En effet, ce qui constituait l’exception pour le commerce formel et ne semblait pas trop le gêner, est devenu aujourd’hui la règle avec, paraît-il, la mainmise de grands patrons occultes qui tireraient les ficelles et profiteraient du système. Je mets tout ça au conditionnel alors qu’il suffit de voir ce que sont devenus des quartiers entiers où il n’est plus possible ni d’y entrer ni d’en sortir ni encore moins traverser.

De vrais souks se sont installés en toute impunité bloquant rues, ruelles et même parfois de grands boulevards comme c’est le cas à Casablanca, Rabat et partout ailleurs. Ce ne sont plus, comme avant, des marchands ambulants itinérants qui se déplaçaient au gré de leur humeur et de leurs clients, aujourd’hui ce sont de grands hyper-marchés archaïques bien installés et bien organisés. Quand je vois ça, j’ai quelquefois froid dans le dos en pensant, par exemple, à un incendie ou tout autre type d’accident, car il serait absolument impossible de faire venir une ambulance ou un camion de pompiers car il leur serait absolument impossible de passer.

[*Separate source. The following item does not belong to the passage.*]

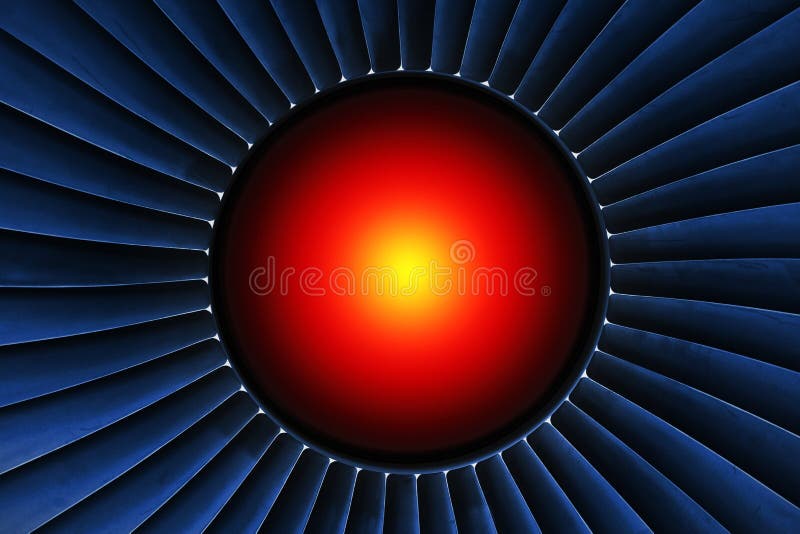 Energy generator with red-hot core in the center. Energy generator with red-hot core in the center.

Comment est-ce possible qu’autorités publiques et élus aient laissé développer ces marchés d’un autre âge et d’une autre? et sans voir et entrevoir les conséquences très graves qui peuvent en découler ? Il m’arrive souvent d’aborder ce problème avec des amis ou parfois même avec des responsables, et la réponse est toujours la même : «attention, c’est une question sociale». Traduction : si on touche à ça, ça risque de brûler. Bien sûr, il serait hors de question de mettre ces gens dehors, d’un coup et tous en même temps.

Certains ont essayé de le faire et d’autres l’ont même fait, et ils se sont fait, à juste titre, taper sur les doigts. C’est vrai, on n’a pas le droit de mettre fin, du jour au lendemain, à des activités qui permettent à des milliers, voire des dizaines de milliers d’hommes et de femmes, de vivre et de faire vivre leurs familles. Il faut bien réfléchir avant d’agir et proposer des solutions radicales, modernes et à long terme, et faire tout pour mettre un terme définitif aux passe-droits et à tous ceux qui en profitent. Il ne faut surtout pas jeter le bébé avec l’eau du bain, mais si on peut se débarrasser de la saleté, ça serait vraiment bien.

En attendant, je souhaite à tous ceux et toutes celles qui aiment les marchands ambulants, mais qui n’aiment pas ceux qui profitent d’eux, un très bon week-end. Quant aux autres…
Un dernier mot sous forme de devinette pour rigoler un peu : pourquoi nos partis ne se rapprochent de leurs électeurs que quand les élections approchent ?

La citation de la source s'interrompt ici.